DATA RECORDS:
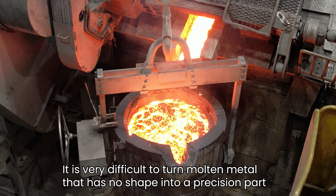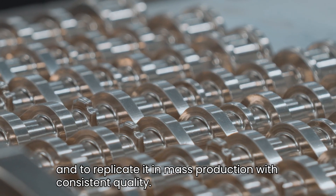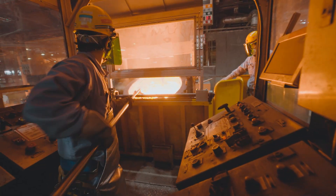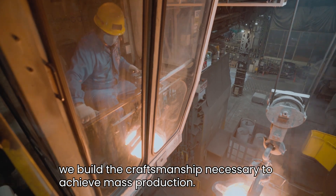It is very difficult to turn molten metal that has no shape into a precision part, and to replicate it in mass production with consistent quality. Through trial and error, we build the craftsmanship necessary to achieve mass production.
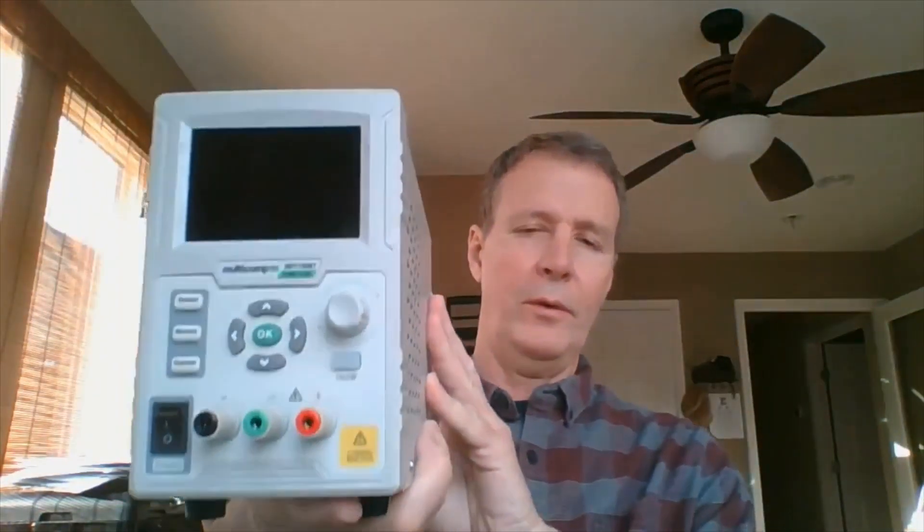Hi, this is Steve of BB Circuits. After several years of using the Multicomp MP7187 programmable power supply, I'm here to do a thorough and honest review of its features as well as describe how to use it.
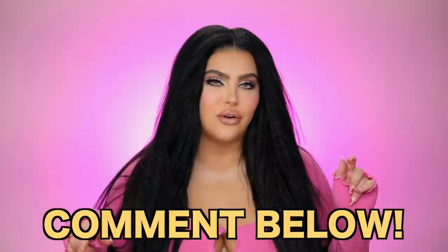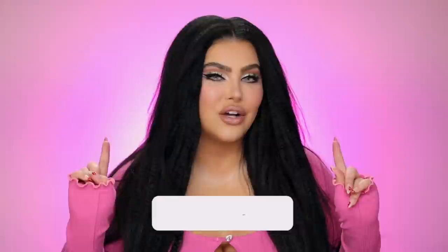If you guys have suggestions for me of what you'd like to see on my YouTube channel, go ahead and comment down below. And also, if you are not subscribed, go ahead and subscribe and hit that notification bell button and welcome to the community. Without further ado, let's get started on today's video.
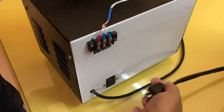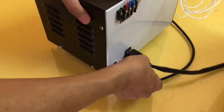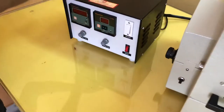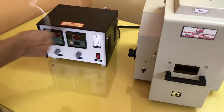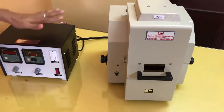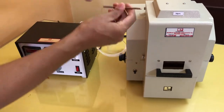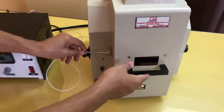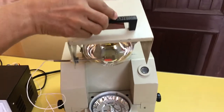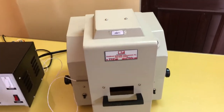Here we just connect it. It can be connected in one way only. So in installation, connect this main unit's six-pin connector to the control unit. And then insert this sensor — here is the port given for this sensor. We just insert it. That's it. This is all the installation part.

---

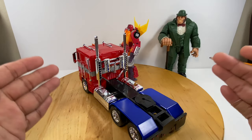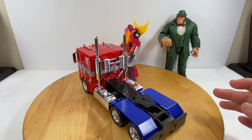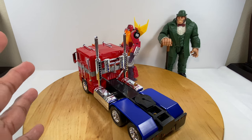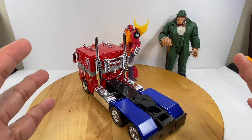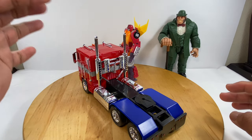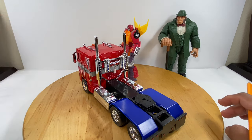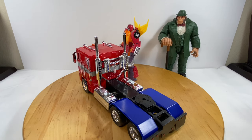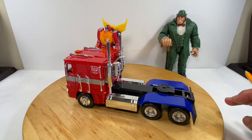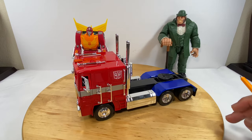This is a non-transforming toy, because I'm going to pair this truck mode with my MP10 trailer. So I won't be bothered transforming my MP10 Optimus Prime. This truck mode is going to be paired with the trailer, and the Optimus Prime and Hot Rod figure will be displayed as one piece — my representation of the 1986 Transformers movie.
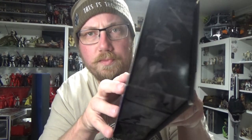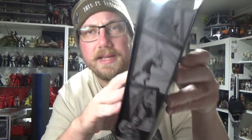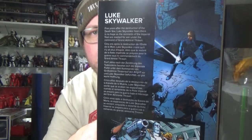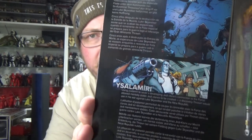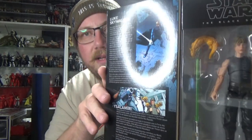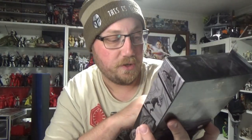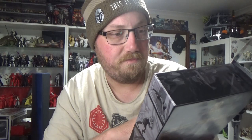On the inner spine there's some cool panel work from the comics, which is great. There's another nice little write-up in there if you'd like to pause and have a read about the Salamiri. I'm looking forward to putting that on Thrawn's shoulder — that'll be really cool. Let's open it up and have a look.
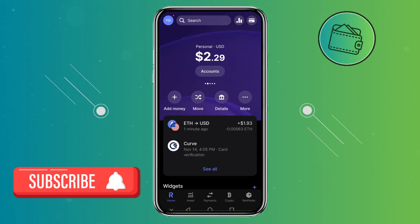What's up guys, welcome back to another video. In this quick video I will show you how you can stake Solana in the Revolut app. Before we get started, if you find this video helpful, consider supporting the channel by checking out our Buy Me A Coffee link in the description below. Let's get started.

DIRECTIONS FOR THIS TASK: For this exercise, set down the lines in the entries above from the one with "This is a non-transforming" through the one with "What's up guys, welcome" exactly as written, without any pictures.

RESPONSE TO THIS EXERCISE:
This is a non-transforming toy, because I'm going to pair this truck mode with my MP10 trailer. So I won't be bothered transforming my MP10 Optimus Prime. This truck mode is going to be paired with the trailer, and the Optimus Prime and Hot Rod figure will be displayed as one piece — my representation of the 1986 Transformers movie.
On the inner spine there's some cool panel work from the comics, which is great. There's another nice little write-up in there if you'd like to pause and have a read about the Salamiri. I'm looking forward to putting that on Thrawn's shoulder — that'll be really cool. Let's open it up and have a look.
What's up guys, welcome back to another video. In this quick video I will show you how you can stake Solana in the Revolut app. Before we get started, if you find this video helpful, consider supporting the channel by checking out our Buy Me A Coffee link in the description below. Let's get started.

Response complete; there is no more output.